Why SCA, SAST, and SBOMs don't equal EOL planning for digital agencies
The unique business model of an agency
We’re seeing many “helpful” LinkedIn recommendations which offer to help companies achieve more secure software. What’s clear from reading them is that the business of digital agencies must be less well known outside the ecosystem than you’d imagine.
From a pure security perspective, greater exposure to security realities is a good thing - even for agencies - that is unless the initial steps needed to improve security standing is more difficult to achieve than for other IT companies.
Agencies are getting the message from their industry counterparts and from customers though: That security-first and maintenance-first delivery is fast becoming the only acceptable way of doing business in the 2020s.
Indeed, recent experience demonstrates that buyers score RFPs based on how respondents claim they secure and maintain the system in production. With an increase in agency uptake of application security tools, then the signals appear generally positive that agencies are taking note.
Just one small problem remains: Most of today’s application security tools are not actually built with agencies in mind at all.
If planning is a core part of customer-facing roles in high-performing agencies, then it follows that they either require dedicated security resource to triage and action security tool outputs or that a repeatable workflow is implemented for use by the rest of the team.
Failing in either respect is the difference between useful data and data which is actually usable.
Security platforms aren’t “security tools” in the traditional sense
Modern AppSec platforms have become best-in-class for what they were designed to do. They help security-mature companies identify and remediate risk inside individual code-bases, container images, and cloud tenancies, and they assume a familiar operating context:
A small number of internally owned products
Deeply technical users
A direct path from finding, to fixing, to deploying
For product companies, the model works exceptionally well, but for digital agencies and studios, it only partially fits.
Agencies manage project portfolios, not just individual repositories and registries
An agency’s business differs in that it operates across dozens or hundreds of client systems, where each has its own commercial contract, delivery cadence, and risk tolerance.
And for more diverse agencies, technology stacks, version control, and hosting solutions also vary markedly.
What this means is that; security data and the way it’s presented serves a broader purpose than repository or container image-specific remediation alone. It helps agencies plan client work because they’re not just beholden to the one company, but to those represented by each customer, for responsibilities including:
Budget forecasting
Maintenance planning
Feature development
Pipeline scheduling
This is why an agency-first platform does not center around individual “things” (repos, container images, etc). Rather, it positions agencies for proactive maintenance, post go-live activities and end of life software best practices, by providing an agency-wide means to aggregate end-of-life (EOL) dates, package-dependency, and security vulnerability data across entire portfolios.
Individual repositories and registries remain important, but they‘re subordinate to the questions agencies actually need answers to about their own portfolios.

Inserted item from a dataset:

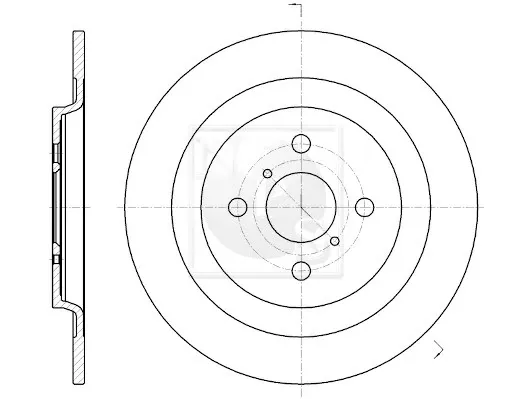 Frenos traseros para Toyota Yaris  P13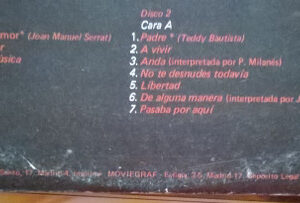 Luis Eduardo Aute, Entre Amigos - LP: imagen 15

Built for customer-facing roles
Agency roles at the coal-face of customer planning are not security engineers or DevOps practitioners but project managers, account managers, and executives. Each needs confidence that their insights can be reliably acted upon and confidently explained to customers.
This customer-centric context changes the environment radically. For data and findings to be useful to agencies, it should be:
Framed around actions able to be performed by traditionally non-technical roles
Suitable for proactive planning meetings and conversations, not just pull requests
Presented within design, copy, and help media which explains why not just what
Cross-portfolio visibility unlocks repeatable work
Traditional tools are designed well to answer the question: “Is this repo or image vulnerable?” leaving those skilled enough to interpret the answer to provide recommendations. But agency platforms need to be able to answer higher leverage questions:
Which customers’ apps include software due to go EOL this quarter?
Which packages implicated in supply-chain attacks impact our portfolios?
Are SSL certificate expiry dates likely to affect our customers in the next month?
What upgrade work can be grouped, scheduled, and sold proactively?
By enabling cross-portfolio search and notifications across EOL software, dependencies, and security vulnerabilities, agencies move from reactive security responses to repeatable maintenance, upgrade work, and delivery.
A strategic difference
We’ve spoken a little about less-technical users. It’s true that security and engineering-laden data minimizes the range of people able to act on it, which may further engender agency information silos. But this role-orientated positioning has more to do with context than any technical capability.
Agencies see the world through a fundamentally different lens optimized for customer-first strategic work. It must balance security, delivery, and commercial realities.
This distinction is subtle, but for agencies in the context of security tooling, it’s the difference between those which merely alert and those which enable.